Let's face it. As I blog about my life three months ago, even I have to admit it doesn't sound...exciting. Important. Exceptional in any way. Trips to the Y, to the grocery store, replacing worn out shoes at Payless' BOGO sale (all those years of shoe shopping I did in my 20s I now refer to as "research".) - I can see clearly that in most ways I have become that stereotypical SAHM I always slightly disliked. Why did I dislike her? Because she was...boring. And ordinary. And being boring and ordinary didn't seem to bother her like I thought it should.
I just wanted to grab those boring and ordinary women by the shoulders and scream at them to snap out of it and do something fabulous - do anything besides seem mostly content in their bubble of normalcy! I always wondered who could live a long life being just plain ordinary and feel good about that life in the end?

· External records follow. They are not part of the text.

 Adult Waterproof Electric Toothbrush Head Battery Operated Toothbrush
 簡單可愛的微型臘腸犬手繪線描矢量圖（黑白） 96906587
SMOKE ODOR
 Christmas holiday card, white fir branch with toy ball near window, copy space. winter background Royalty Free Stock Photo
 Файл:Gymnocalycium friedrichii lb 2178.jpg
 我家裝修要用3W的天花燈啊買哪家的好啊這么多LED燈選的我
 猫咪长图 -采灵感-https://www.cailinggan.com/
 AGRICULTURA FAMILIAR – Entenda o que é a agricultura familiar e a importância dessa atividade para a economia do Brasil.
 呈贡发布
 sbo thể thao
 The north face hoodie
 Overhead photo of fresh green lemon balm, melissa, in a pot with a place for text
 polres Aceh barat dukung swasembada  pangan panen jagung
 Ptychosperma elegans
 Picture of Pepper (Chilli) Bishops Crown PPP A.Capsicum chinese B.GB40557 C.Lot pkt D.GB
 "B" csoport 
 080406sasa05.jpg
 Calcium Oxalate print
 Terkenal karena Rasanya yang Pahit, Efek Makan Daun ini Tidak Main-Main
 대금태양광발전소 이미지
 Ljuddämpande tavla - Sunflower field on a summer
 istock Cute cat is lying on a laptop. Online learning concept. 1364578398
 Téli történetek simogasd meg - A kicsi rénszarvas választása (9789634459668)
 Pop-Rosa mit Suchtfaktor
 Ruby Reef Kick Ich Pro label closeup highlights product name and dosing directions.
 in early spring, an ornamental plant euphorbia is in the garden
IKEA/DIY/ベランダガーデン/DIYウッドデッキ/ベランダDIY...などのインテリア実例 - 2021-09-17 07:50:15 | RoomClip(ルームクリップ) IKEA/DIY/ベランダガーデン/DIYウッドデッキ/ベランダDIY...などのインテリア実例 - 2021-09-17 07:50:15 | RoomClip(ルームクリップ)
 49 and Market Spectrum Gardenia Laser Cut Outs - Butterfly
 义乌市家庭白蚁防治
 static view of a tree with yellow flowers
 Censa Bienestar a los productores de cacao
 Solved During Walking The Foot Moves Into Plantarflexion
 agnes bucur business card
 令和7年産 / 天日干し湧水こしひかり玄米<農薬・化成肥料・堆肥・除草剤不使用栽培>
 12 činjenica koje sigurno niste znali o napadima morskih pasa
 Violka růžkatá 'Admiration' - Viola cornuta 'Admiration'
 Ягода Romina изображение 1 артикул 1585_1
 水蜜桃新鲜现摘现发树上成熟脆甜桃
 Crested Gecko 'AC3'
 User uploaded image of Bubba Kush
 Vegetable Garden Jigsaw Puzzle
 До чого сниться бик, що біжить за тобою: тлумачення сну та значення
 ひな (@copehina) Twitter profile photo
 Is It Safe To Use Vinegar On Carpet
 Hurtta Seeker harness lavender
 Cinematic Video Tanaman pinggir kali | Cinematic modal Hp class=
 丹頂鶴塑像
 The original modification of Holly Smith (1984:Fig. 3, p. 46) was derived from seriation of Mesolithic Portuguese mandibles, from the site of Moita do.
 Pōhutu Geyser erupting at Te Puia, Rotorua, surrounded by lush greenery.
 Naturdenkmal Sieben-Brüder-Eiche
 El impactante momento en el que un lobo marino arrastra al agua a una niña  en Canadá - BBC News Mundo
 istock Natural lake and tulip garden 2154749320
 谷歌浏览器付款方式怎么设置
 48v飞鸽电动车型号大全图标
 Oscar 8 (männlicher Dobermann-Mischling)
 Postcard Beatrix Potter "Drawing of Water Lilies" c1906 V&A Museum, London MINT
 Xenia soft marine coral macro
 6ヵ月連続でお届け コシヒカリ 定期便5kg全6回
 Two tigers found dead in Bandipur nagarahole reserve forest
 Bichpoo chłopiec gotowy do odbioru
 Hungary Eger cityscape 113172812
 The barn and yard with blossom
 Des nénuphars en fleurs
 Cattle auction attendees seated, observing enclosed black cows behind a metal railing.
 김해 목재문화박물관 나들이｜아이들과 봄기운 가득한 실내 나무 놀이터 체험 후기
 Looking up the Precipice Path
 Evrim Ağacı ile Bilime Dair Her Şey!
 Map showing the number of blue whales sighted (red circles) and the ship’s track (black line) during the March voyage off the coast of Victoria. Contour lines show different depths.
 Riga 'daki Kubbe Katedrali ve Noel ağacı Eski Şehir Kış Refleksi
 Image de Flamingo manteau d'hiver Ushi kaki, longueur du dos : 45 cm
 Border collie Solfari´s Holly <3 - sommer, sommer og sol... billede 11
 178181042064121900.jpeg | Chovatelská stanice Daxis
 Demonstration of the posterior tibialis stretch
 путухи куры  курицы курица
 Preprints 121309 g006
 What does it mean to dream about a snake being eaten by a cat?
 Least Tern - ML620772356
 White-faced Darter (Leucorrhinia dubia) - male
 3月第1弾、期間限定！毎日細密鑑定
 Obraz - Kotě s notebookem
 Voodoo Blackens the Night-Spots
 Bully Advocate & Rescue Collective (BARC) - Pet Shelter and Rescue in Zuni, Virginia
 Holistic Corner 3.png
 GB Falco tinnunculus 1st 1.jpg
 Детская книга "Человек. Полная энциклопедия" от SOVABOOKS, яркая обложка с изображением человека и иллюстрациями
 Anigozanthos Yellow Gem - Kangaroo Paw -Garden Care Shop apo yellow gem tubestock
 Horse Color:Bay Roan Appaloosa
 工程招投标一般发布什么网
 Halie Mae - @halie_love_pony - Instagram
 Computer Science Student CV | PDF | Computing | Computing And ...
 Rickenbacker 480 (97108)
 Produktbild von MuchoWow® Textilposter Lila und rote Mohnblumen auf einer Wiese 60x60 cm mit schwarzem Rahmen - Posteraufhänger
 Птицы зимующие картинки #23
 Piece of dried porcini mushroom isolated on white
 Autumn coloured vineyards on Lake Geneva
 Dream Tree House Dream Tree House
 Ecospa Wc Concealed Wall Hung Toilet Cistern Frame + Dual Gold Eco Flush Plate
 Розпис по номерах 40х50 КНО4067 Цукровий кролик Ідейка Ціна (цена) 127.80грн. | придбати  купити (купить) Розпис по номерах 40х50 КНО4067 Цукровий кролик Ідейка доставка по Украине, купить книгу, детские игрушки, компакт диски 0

My connect group leader's grandmother is in her final days (probably hours at this point) on this earth. I have never met Miss Kate, but as her health has deteriorated, Kevin and his wife Tiff (posse member) have shared with our class what kinds of things Miss Kate has been doing in her 97 years of life on earth. I don't recall them telling us she cured cancer or brokered a mid-East peace accord, but they do tell that she still volunteers at Bible School. Kevin shared that she is a spiritual giant in his life. Now Kevin teaches a class of nearly 80 of us, and I am going to guess that the example of Miss Kate's faith day in and day out for the last 97 years is somehow impacting each of as we sit in class together. Miss Kate has had what I would guess is an ordinary life. I'm going to go out on a limb and say she probably isn't tattooed or pierced anywhere either. But what a beautiful life she has had! I bet those saints can't wait to throw open the doors of heaven and welcome this ordinary woman into her extraordinary eternal home!

In not being able to really live my normal, ordinary life the last few months, I am finally getting it. An extraordinary life has nothing to do with circumstance, and an ordinary life is full of opportunity for greatness. Like I said, God really has given me peace that life will return to "normal" someday for me, and I actually find myself daydreaming about taking the boys swimming at the Y and teaching our little 2 year old class at church. Just the ordinary stuff. Don't get me wrong - I am not taking the nose piercing out (after all, I like jewelry too much) and I may still get some more tattoos someday, but in the meanwhile I can't wait to get back to my SAHM bubble of contentment. It is actually real. It is what it looks like when you live a beautiful ordinary life.

Comments

Norwood Mama said…
Don't worry, Ann. You'll always be ordinary to me.